Monday, April 15, 2013

The absurdities of the income tax

Being a libertarian, I agree that all taxation is theft. I hope that someday the human race “progresses” to the point where coercion, even to purchase “protection” from the official mafia, is held in contempt. But of all of the possible ways to rob us, the income tax is by far the most insidious. Consider some of its absurd stepchildren.

There is some finite cost to defending the borders, running a court system, and administering “justice.” For those who believe that government should do more (like conservatives and liberals), there is likewise a finite cost for building roads, running healthcare programs and taking care of the poor. That cost doesn’t change significantly overnight or even from year to year.

But the income tax doesn’t reflect this. If productivity and therefore incomes double due to some new technology, the amount of money owed to the government doubles, even though there are less poor people, more private sector “infrastructure” projects and less crime (crime goes up during recessions, down during booms). The more productive Americans are, the bigger and more oppressive a government they get.

Talk about a bad incentive.

It also discourages productivity in general and encourages wasteful consumption. Anyone who has had any business success knows that at a certain point, additional income costs you money. You would rather stop producing more than allow the additional income to put you at the low end of a higher tax bracket. So you produce less to keep more.

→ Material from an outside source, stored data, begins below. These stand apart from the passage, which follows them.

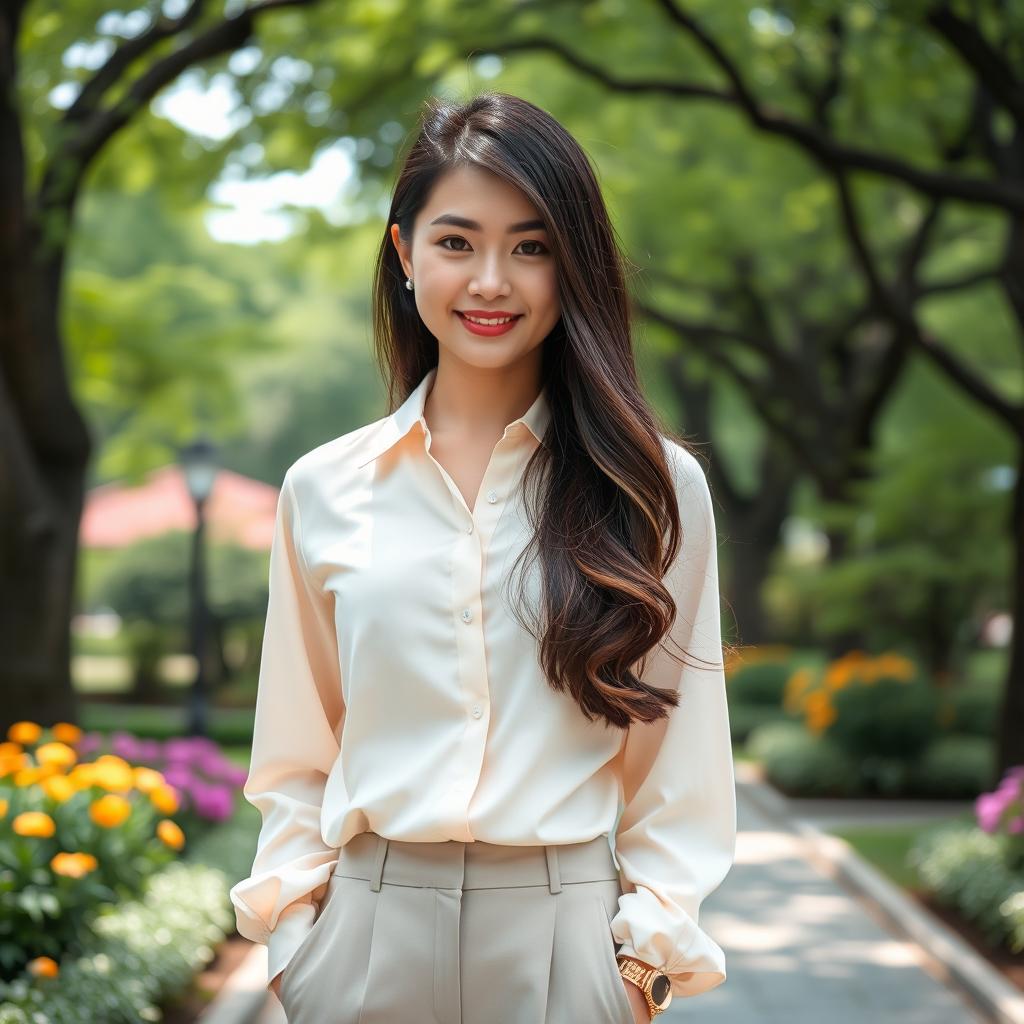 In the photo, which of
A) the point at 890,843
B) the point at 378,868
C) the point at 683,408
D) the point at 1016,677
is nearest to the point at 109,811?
the point at 378,868

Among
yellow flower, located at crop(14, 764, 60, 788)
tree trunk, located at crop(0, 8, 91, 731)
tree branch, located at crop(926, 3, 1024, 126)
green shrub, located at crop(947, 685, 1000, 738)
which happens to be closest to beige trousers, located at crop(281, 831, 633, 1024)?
yellow flower, located at crop(14, 764, 60, 788)

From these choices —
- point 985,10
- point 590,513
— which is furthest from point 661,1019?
point 985,10

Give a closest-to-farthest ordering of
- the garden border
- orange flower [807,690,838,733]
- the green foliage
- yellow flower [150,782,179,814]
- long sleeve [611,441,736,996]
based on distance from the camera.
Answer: long sleeve [611,441,736,996], yellow flower [150,782,179,814], the garden border, the green foliage, orange flower [807,690,838,733]

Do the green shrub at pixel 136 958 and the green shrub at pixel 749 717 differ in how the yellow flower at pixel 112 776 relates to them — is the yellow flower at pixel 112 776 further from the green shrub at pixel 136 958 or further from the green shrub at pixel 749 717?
the green shrub at pixel 749 717

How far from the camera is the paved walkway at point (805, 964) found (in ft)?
20.8

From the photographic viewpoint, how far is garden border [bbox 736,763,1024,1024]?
6301mm

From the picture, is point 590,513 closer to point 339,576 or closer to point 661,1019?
point 339,576

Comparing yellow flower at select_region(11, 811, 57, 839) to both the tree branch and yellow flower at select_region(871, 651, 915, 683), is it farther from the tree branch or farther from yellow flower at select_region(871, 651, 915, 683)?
yellow flower at select_region(871, 651, 915, 683)

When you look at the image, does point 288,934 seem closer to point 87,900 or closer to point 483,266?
point 483,266

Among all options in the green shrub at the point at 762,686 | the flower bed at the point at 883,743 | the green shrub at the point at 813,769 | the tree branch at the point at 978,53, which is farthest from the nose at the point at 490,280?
the green shrub at the point at 762,686

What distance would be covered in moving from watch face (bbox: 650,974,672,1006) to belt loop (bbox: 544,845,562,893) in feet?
0.73

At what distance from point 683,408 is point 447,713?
864 inches

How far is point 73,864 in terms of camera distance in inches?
196

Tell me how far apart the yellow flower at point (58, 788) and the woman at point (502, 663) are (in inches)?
121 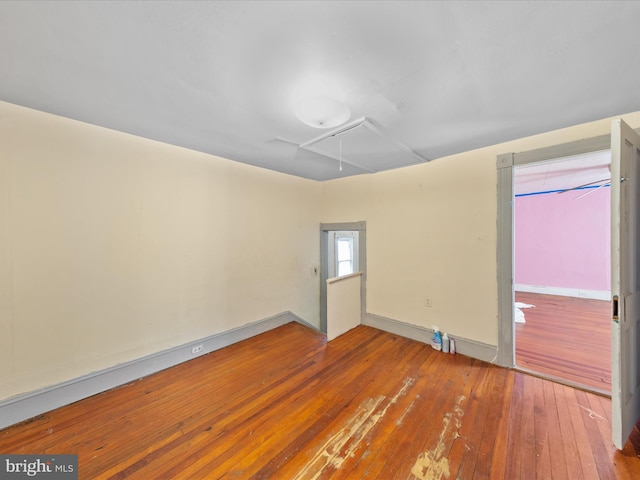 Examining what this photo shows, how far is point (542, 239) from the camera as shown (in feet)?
18.2

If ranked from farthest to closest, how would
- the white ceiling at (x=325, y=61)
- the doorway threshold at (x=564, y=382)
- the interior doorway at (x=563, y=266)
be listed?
the interior doorway at (x=563, y=266), the doorway threshold at (x=564, y=382), the white ceiling at (x=325, y=61)

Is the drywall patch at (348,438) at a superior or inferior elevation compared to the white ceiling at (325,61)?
inferior

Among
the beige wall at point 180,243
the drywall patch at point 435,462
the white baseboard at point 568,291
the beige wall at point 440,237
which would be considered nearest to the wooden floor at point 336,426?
the drywall patch at point 435,462

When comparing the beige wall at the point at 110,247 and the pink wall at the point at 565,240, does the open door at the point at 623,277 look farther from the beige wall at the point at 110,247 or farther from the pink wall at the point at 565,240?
the pink wall at the point at 565,240

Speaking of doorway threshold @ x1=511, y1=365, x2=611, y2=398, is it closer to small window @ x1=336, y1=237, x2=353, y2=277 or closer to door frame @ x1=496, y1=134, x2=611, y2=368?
door frame @ x1=496, y1=134, x2=611, y2=368

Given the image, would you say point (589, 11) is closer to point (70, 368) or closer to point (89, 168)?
point (89, 168)

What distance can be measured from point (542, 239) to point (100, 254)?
8.00 metres

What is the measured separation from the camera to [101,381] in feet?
7.08

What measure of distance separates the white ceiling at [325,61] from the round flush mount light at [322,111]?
0.08 metres

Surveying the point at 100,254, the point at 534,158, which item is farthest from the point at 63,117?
the point at 534,158

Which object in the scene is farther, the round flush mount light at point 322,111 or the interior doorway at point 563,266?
the interior doorway at point 563,266

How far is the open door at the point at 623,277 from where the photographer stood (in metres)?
1.47

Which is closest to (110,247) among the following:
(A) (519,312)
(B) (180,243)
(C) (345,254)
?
(B) (180,243)

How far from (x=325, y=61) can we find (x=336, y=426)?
7.91ft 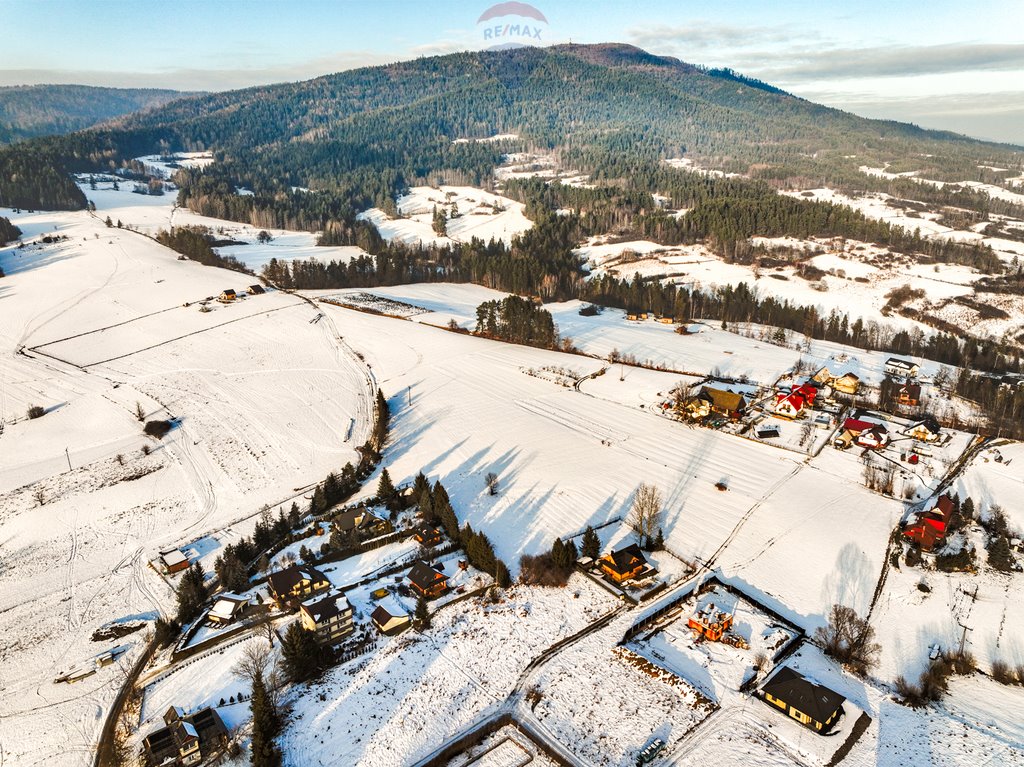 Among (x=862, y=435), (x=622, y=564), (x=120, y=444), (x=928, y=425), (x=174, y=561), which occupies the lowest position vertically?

The flipside of that is frivolous consumption. If you’re showing too much profit near the end of the fiscal year, you look for things to buy that you don’t really need so that you can write them off as business expenses. You’d rather purchase something that you’ll get some use out of rather than give that money to the government. If not for the income tax, you might have reinvested that money in producing even more goods or services and making society richer.

This is in contrast to a consumption tax, which although still a theft, at least provides relatively less perverse incentives. To the extent that it does influence behavior, a consumption tax encourages you to forego unnecessary consumption and, by omission, to produce more, as it does not tax productivity.